Metabolic fidelity was measured using two end points, extracellular lactate and mitochondrial superoxide. AZT caused a significant elevation in medium lactate by day 6 at both 10 and 50 µM and in both culture models (Fig. 2E). Mitochondrial superoxide was increased in HepG2 cells at all time points with AZT (50 µM); in contrast, H9c2 cells showed no change in mitochondrial superoxide with AZT (Fig. 2C).
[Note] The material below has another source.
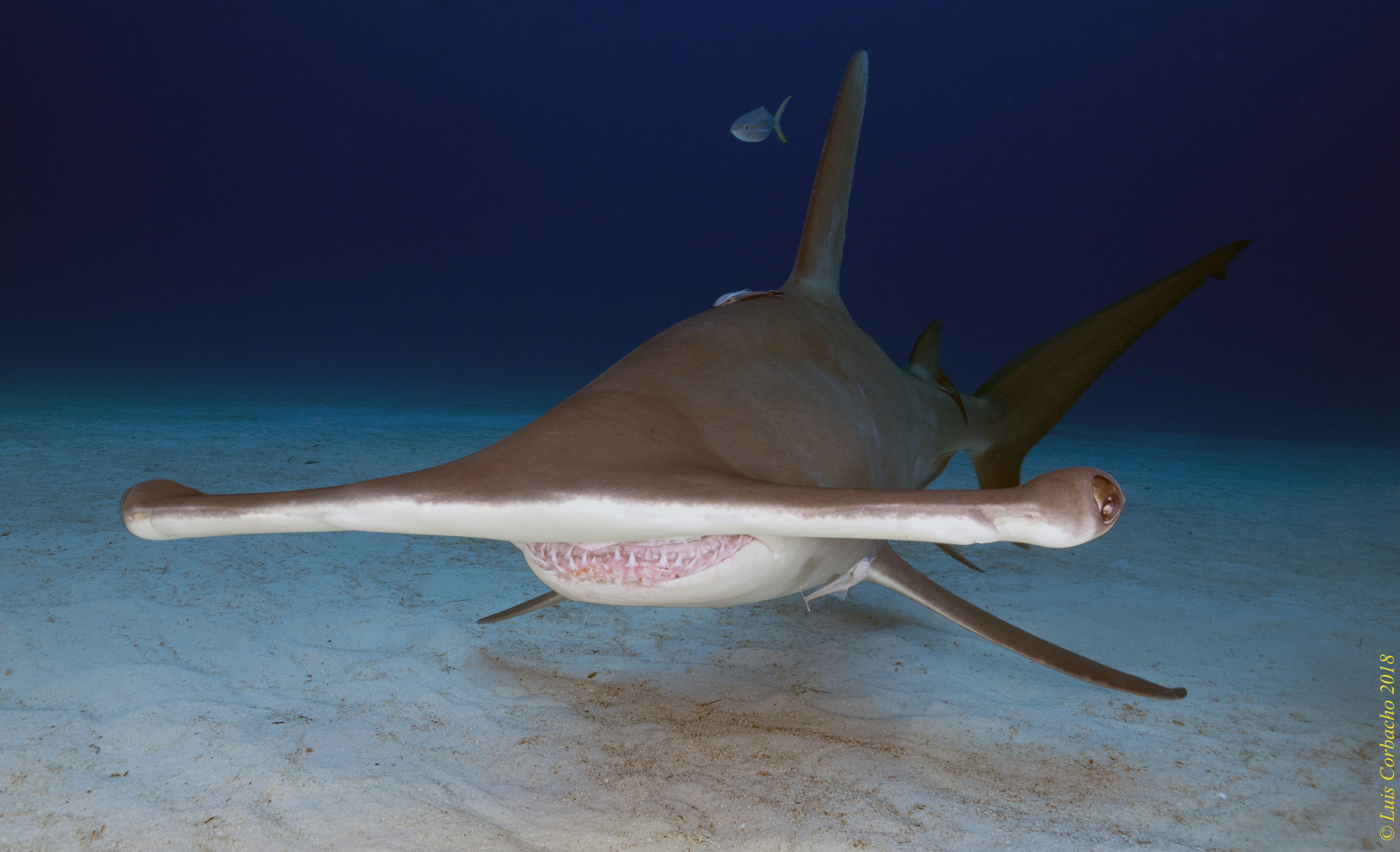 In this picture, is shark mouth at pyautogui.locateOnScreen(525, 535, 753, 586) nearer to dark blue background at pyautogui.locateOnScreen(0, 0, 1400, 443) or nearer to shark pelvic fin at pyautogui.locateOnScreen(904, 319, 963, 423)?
shark pelvic fin at pyautogui.locateOnScreen(904, 319, 963, 423)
AZT treatment did not result in mtDNA depletion (Fig. 2B). In fact, in HepG2 cells, 50 µM AZT caused an increase in the mtDNA copy numbers on days 4 and 10 (there was insufficient material for day 14 due to inhibited cell proliferation). No change in mtDNA was observed in H9c2 cells treated with AZT through day 12.

ddC. Treatment with ddC caused rapid and severe depletion of mtDNA in HepG2 cells only; no significant metabolic effects were observed in either cell type.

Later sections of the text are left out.